Chapter Contents
Chapter Contents
Previous
Previous
Next
Next
The MI Procedure

MCMC Statement

MCMC < options > ;
The MCMC statement specifies the details of the MCMC method for imputation. The following table summarizes the options available for the MCMC statement.

Table 9.2: Summary of Options in MCMC
Tasks Options
Specify data sets  
 input parameter estimates for imputations INEST=
 output parameter estimates used in imputations OUTEST=
 output parameter estimates used in iterations OUTITER=
Specify imputation details  
 monotone/full imputation IMPUTE=
 single/multiple chain CHAIN=
 number of burn-in iterations for each chain NBITER=
 number of iterations between imputations in a chain NITER=
 initial parameter estimates for MCMC INITIAL=
 prior parameter information PRIOR=
 starting parameters START=
Specify output graphics  
 displays time-series plots TIMEPLOT=
 displays autocorrelation plots ACFPLOT=
 graphics catalog name for saving graphics output GOUT=
Control printed output  
 displays worst linear function WLF
 displays initial parameter values for MCMC DISPLAYINIT


The following are the options available for the MCMC statement (in alphabetical order):

ACFPLOT < ( options < / display-options > ) >
displays the autocorrelation function plots of parameters from iterations.

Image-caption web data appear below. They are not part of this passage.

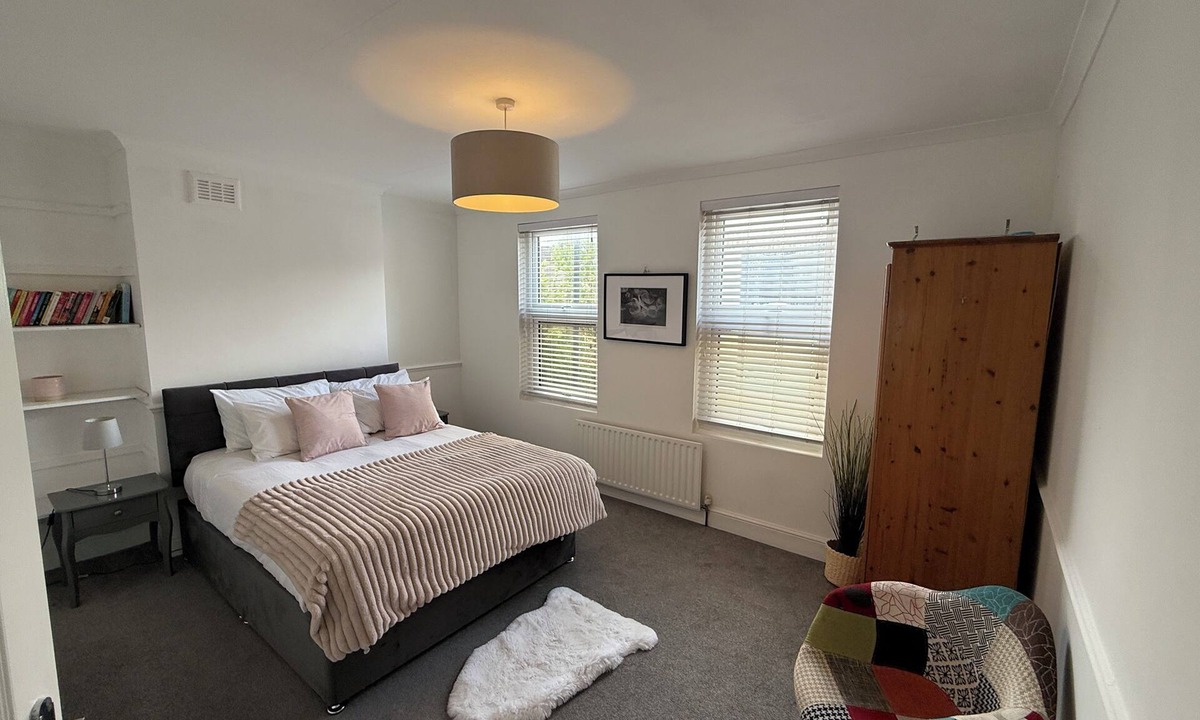 Fairfield House | Spacious 3 dbl bed house - sleeps 7! On the High St, 10 min walk to East Croydon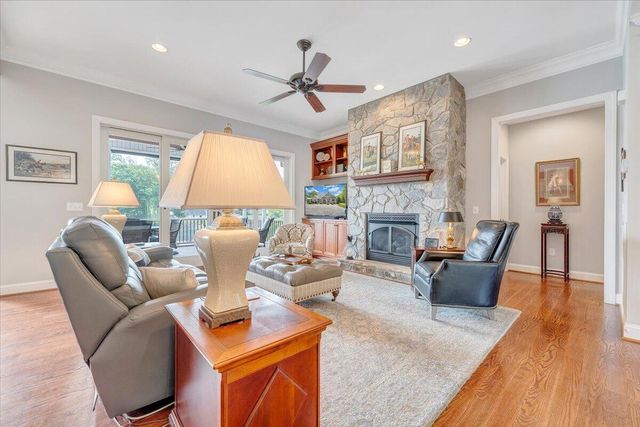65 BACKCOVE DR, Moneta, VA 24121
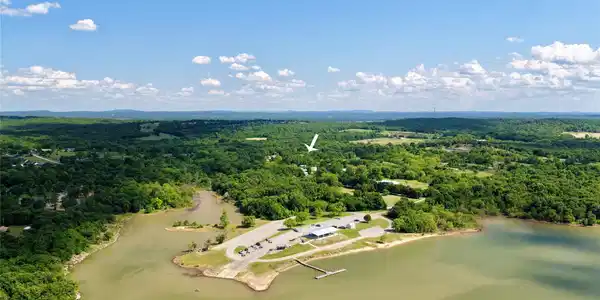 Image 4: Nichols Point Boat Ramp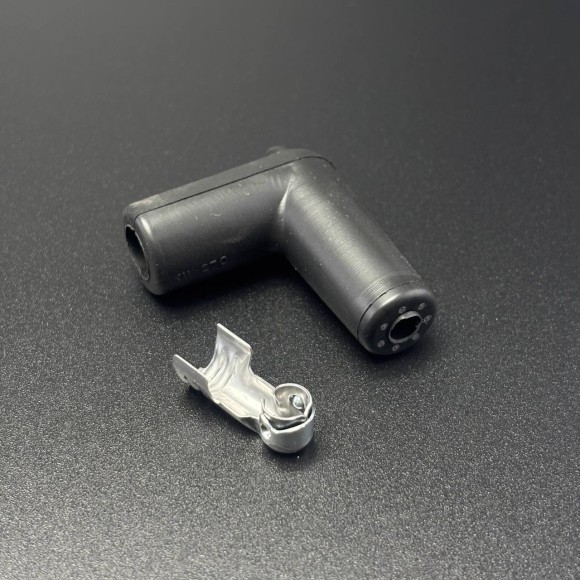 Свечной колпачок (47604A1; 71006A1) (Quicksilver) Свечной колпачок (47604A1; 71006A1) (Quicksilver)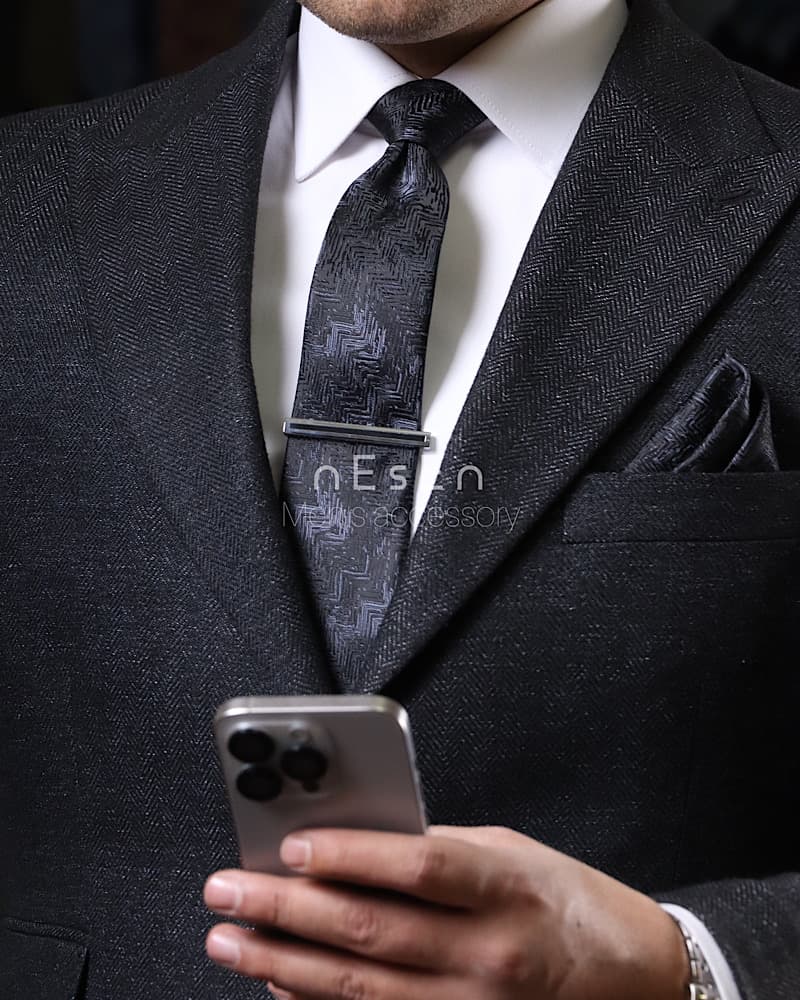 کراوات و پوشت NESEN – طرح Twist طوسی T220 — تصویر ۴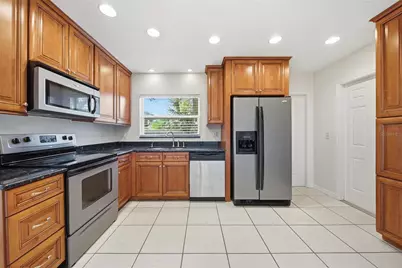 10664 104th Street, Largo, FL 33773 - Photo 14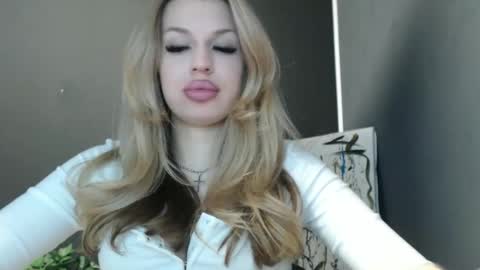 Snapshot of rosaline_ly chatting on May 28, 2026, 4:26 pm Rosalina online show from May 28, 2026, 4:26 pm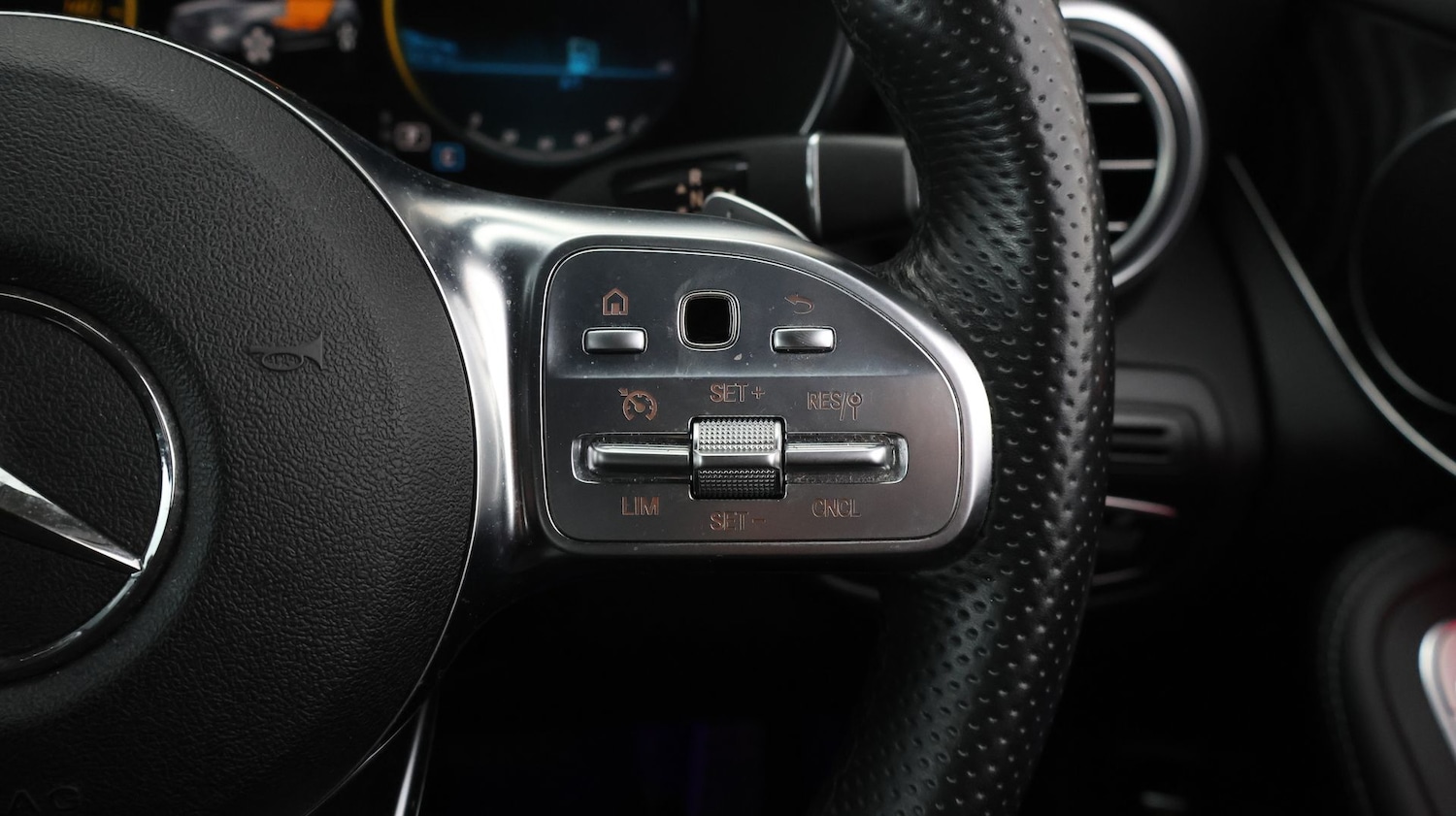 Used Mercedes-Benz GLC 2020 for sale - 77371031: Photo 24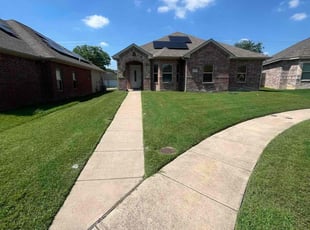Paradise G.'s Lawn Maintenance service result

The available options are:

COV < ( < variables > < variable1*variable2 > < ... variable1*variable2 > ) >
displays plots of variances for variables in the list and covariances for pairs of variables in the list. When the option COV is specified without variables, variances for all variables and covariances for all pairs of variables are used.

MEAN < ( variables ) >
displays plots of means for variables in the list. When the option MEAN is specified without variables, all variables are used.

WLF
displays the plot for the worst linear function.

When the ACFPLOT is specified without the preceding options, the procedure displays plots of means for all variables that are used.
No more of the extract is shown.